Word for word, copy the line that contains "Crash Bandicoot The" and each line after it in the data below. Pictures stay out of the copy.

→ Raw data:
/---

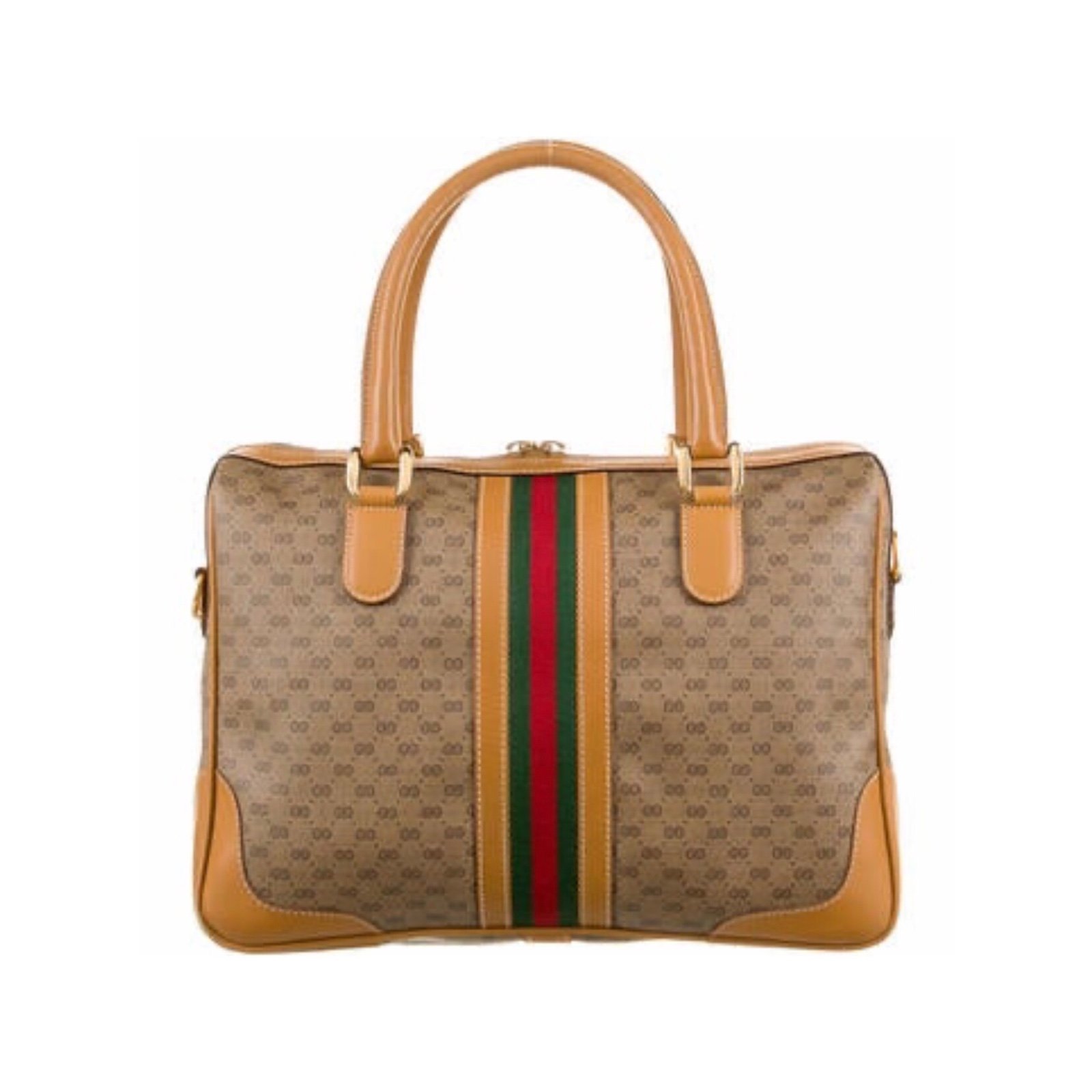 Gucci micro GG Boston web bag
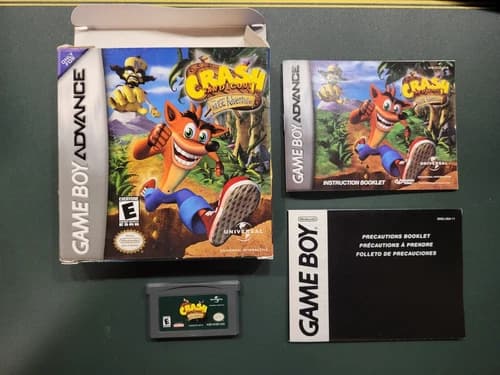 Crash Bandicoot The Huge Adventure for Gameboy Advance CIB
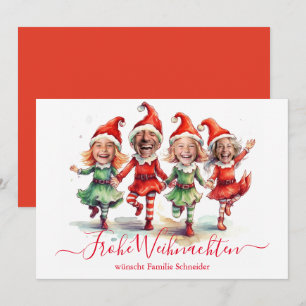 Frohe Weihnachten 4 Foton Tyska julklappar Julkort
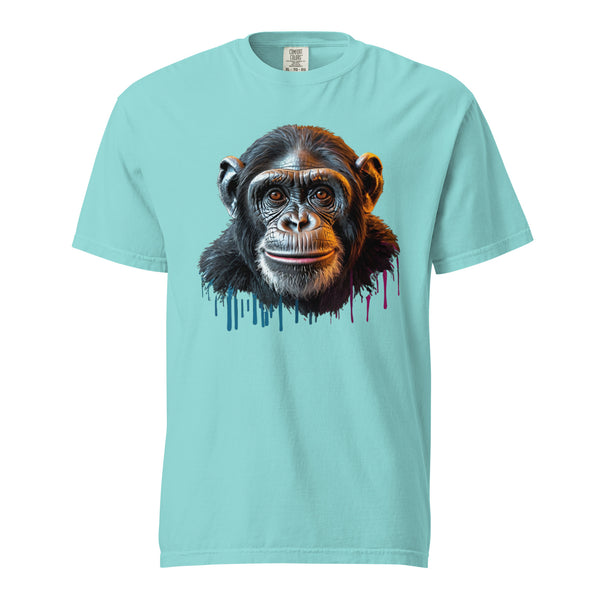 Artistic Chimpanzee Portrait Heavyweight Tee - - T-shirts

\---

→ Task solution:
 Crash Bandicoot The Huge Adventure for Gameboy Advance CIB
 Frohe Weihnachten 4 Foton Tyska julklappar Julkort
 Artistic Chimpanzee Portrait Heavyweight Tee - - T-shirts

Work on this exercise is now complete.